Три с половиной века тому назад ничем дотоле не знаменитый костромской крестьянин завел отряд захватчиков в непроходимые лесные дебри, погубил их там и погиб сам. Неизмеримо изменилось все с тех пор на нашей Родине: давно уж нет детей боярских и кабальных холопов, окольничих и кормленщиков, губных старост и целовальников. И династия Романовых исчезла, и сама царская власть тоже. И на Руси давно уже утвердился самый передовой в мире социальный строй. Спрашивается, неужели в связи со всеми этими переменами подвиг Ивана Сусанина стал для нас «относителен»? Так и полагали некоторые сверхреволюционные товарищи, которые в свое время сняли памятник, стоявший в Костроме. Можно, конечно, попытаться вымарать Сусанина из реестра героев отечественной истории на том основании, что он был «монархист». Но ведь и современник Сусанина – вождь крестьянской войны Иван Болотников выступал за «доброго» царя. Можно и рассказать на тему сусанинского подвига скабрезный анекдот: мол, заблудился старик…
Можно. Но, как говорил Чехов, не нужно. Потому не нужно, что подвиг крестьянского сына Ивана Осиповича Сусанина относится к числу тех самых ценностей, которые вечно остаются народными святынями – именно святынями, независимо от того, причисляется ли тот или иной народ к числу религиозных или атеистических. И глумиться над подобного рода нетленными ценностями так же дурно, как и плевать на могилу.
И если уж искать преемственность в историческом наследстве, то надо признать, что бескорыстное мужество Ивана Сусанина, его готовность к самопожертвованию продолжились в деятельности лучших из декабристов, народовольцев или партизан Великой Отечественной. И не будет преувеличением заключить, что крестьянин костромского села Домнино, живший в эпоху феодализма, останется для нас дорогим и близким. И думаю, останется таковым вечно.
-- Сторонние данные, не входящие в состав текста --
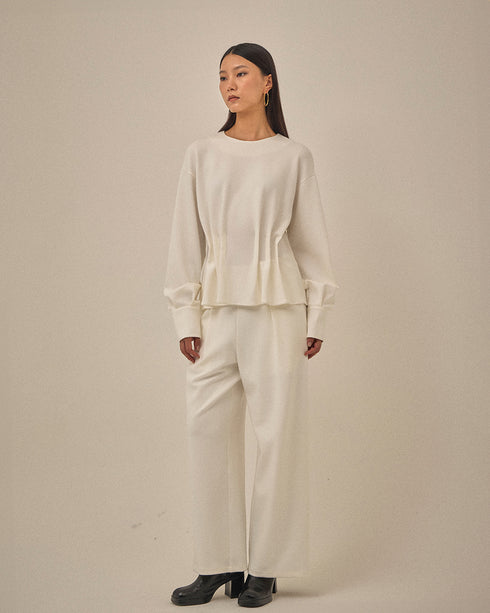 タックストレートパンツ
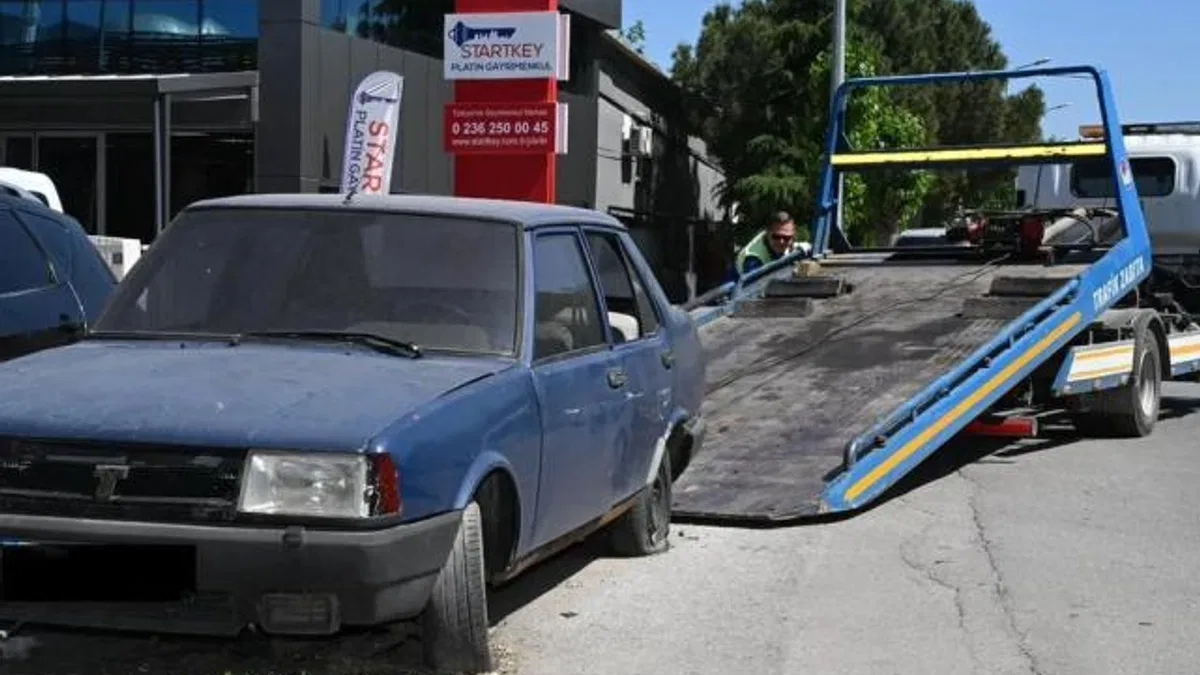 Manisa sokakları hurda araçlardan temizleniyor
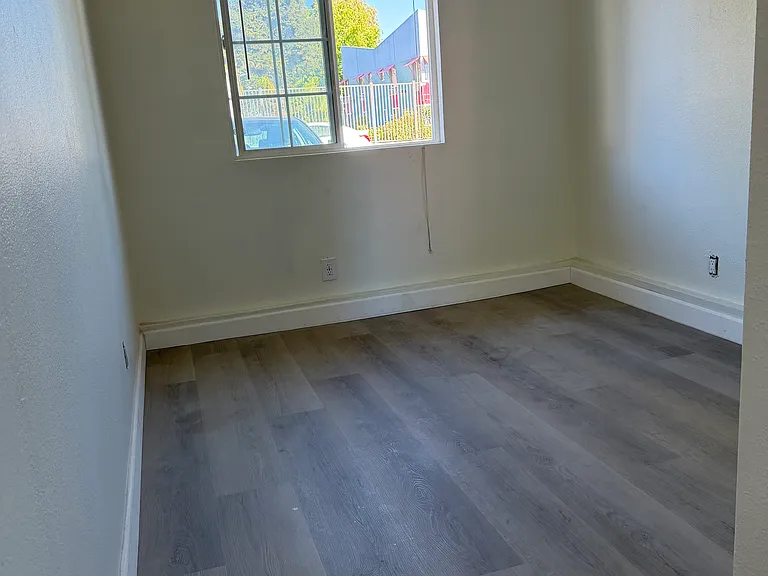 81 Viewmont Ave #B — Photo 5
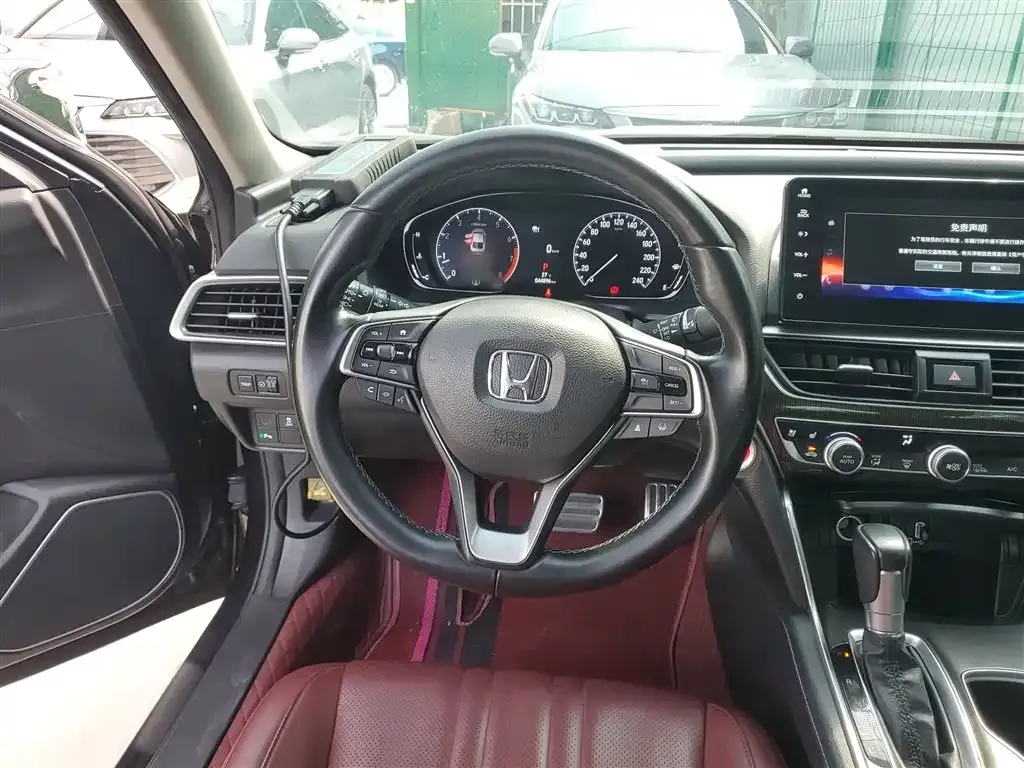 Honda Accord — фото 4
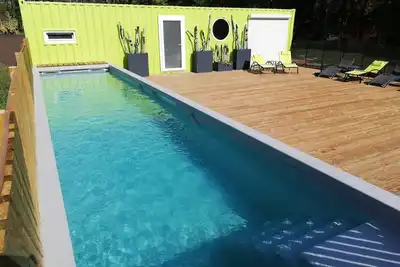 Habitat insolite : Container aménagé au vert et au calme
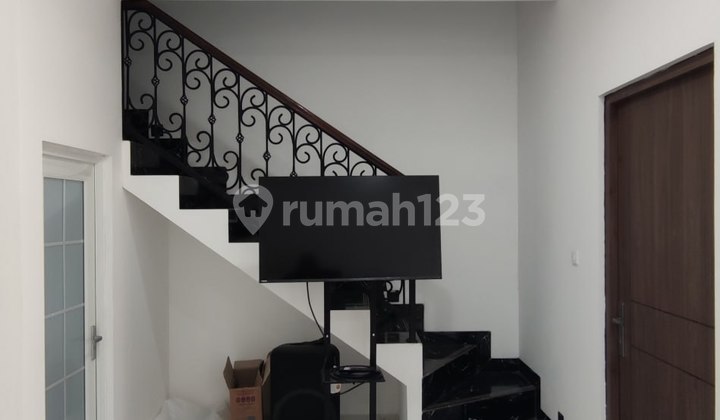 Ready-to-Occupy Cluster House in Limo Depok Free of Charge Near Limo Meruyung Toll Gate 2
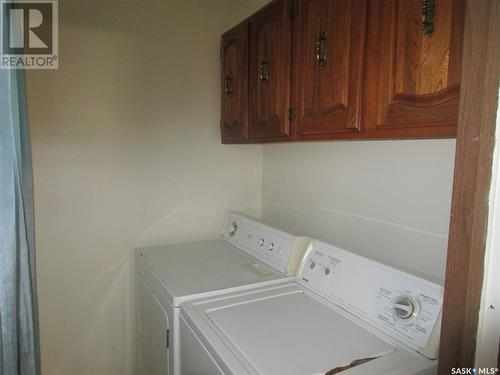 71 Patricia Drive, Coronach, SK - Indoor Photo Showing Laundry Room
А как известно, из анекдотов и брюзгливого глумления никогда еще ничего путного не произрастало. Вот почему подвиг Ивана Сусанина всегда ценил и будет ценить наш народ.
Стихи эти написал известнейший поэт-декабрист Кондратий Федорович Рылеев. Он же, как все знают, не был ни славянофилом, ни «почвенником», а принадлежал к числу дворянских революционеров. Дума Рылеева «Иван Сусанин», которую я цитировал выше, была опубликована в 1823 году и перепечатана без всяких изменений в 1825 году – то есть тогда, когда автор ее стал одним из руководителей тайного революционного общества. Добавим, что дума эта бессчетное число раз переиздавалась за годы советской власти. Эту оговорку я намеренно делаю для тех критиков, которые избрали специальностью винить своих оппонентов в «заклинании духов». Остается добавить, что эта рылеевская дума была любимым стихотворением Александра Ульянова – и сам он своей непреклонной и скромной самоотверженностью разве не сродни многочисленным нашим Сусаниным, старым и новым?